Monday, October 06, 2008

Mr Experience?

While I was writing about Stephen Harper's history of plagiarism, it dawned on me that - other than his other well-known character flaws (propensity for dirty tricks, willingness to do anything to win) - the probable reason that Harper stole other people's speeches was that he was out of his depth as a newly-minted Leader of the Opposition.

To recap, Harper was primarily known as a backroom player until 2002, when he became leader of the Canadian Reform Alliance party. (He had been on the national stage before, as a Reform MP from 1993-97, but his party wasn't even number 2.) In May 2002 Harper was elected leader and then won a seat in a by-election, and suddenly he was leader of the opposition.

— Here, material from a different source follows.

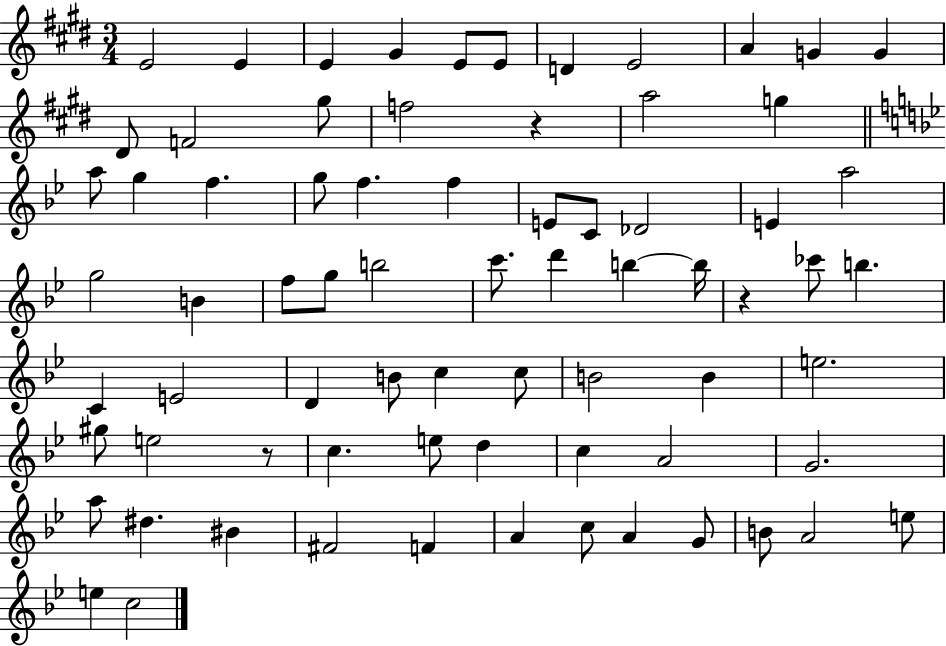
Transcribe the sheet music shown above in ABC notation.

It was in that period and over the next year that Harper is known to have plagiarized at least two speeches. The John Howard speech, which he lifted whole sections of in 2003, was particularly important to his fledgling career. He also used the plagiarized speech as the basis of several editorials that were published in the National Post, Toronto Star, Ottawa Citizen and Wall Street Journal.

This line of thought made me realize that Harper was a rookie party leader just six years ago. He has no cabinet experience and just two and a half years experience as prime minister. It's not nothing, but it's hardly the seasoned old leader that his fireside ads portray.

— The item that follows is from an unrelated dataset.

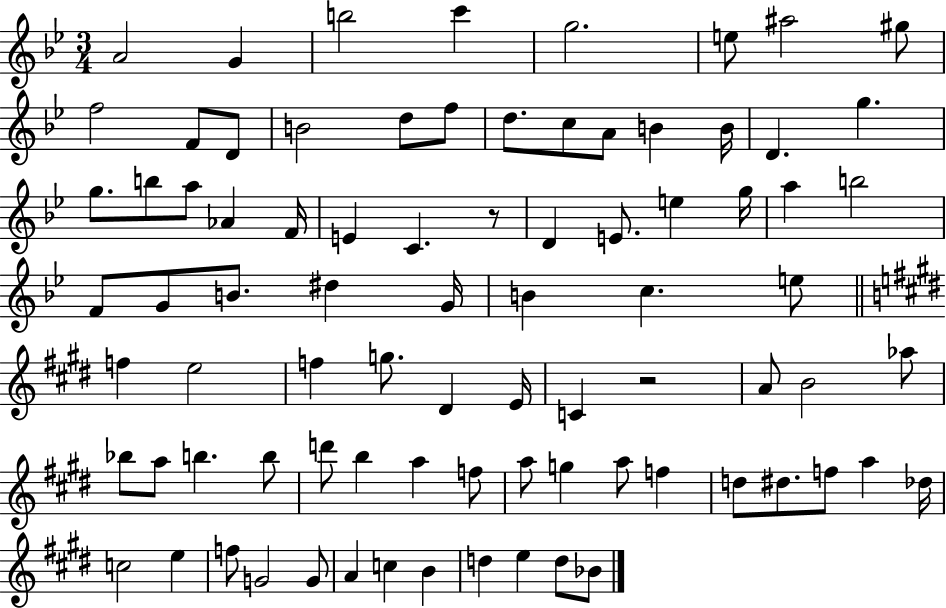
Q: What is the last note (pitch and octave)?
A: Bb4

It shows the effectiveness of political propaganda: even I had started to unconsciously buy into the image of Harper as an experienced old war horse.

As to Harper's portrayal of himself as an economist, I've already refuted that. His party does not even have a good record as ecnoomic stewards - despite cuts to social spending, Brian Mulroney sent the deficit into the stratosphere, and left it to Chretien/Martin to clean up. The reason Canadians elect Liberal governments so often is that Liberals have the best record on economic management.

In their latest ads, Conservatives try to portray Harper as the safe choice, calling the Liberal Green Shift proposal untested and concluding, "It's just not worth the risk." That's all part of the web of lies. Carbon taxes have been successfully used for years, in the UK, Sweden, Finland, Holland, and elsewhere. In fact, almost all countries, including Canada, already have consumption taxes on fuel, which are carbon taxes. Even former Federal Reserve chairman Paul Volcker said that "it would be wiser to impose a tax on oil than to wait for the market to drive up oil prices."

The Green Shift untested? Just another lie.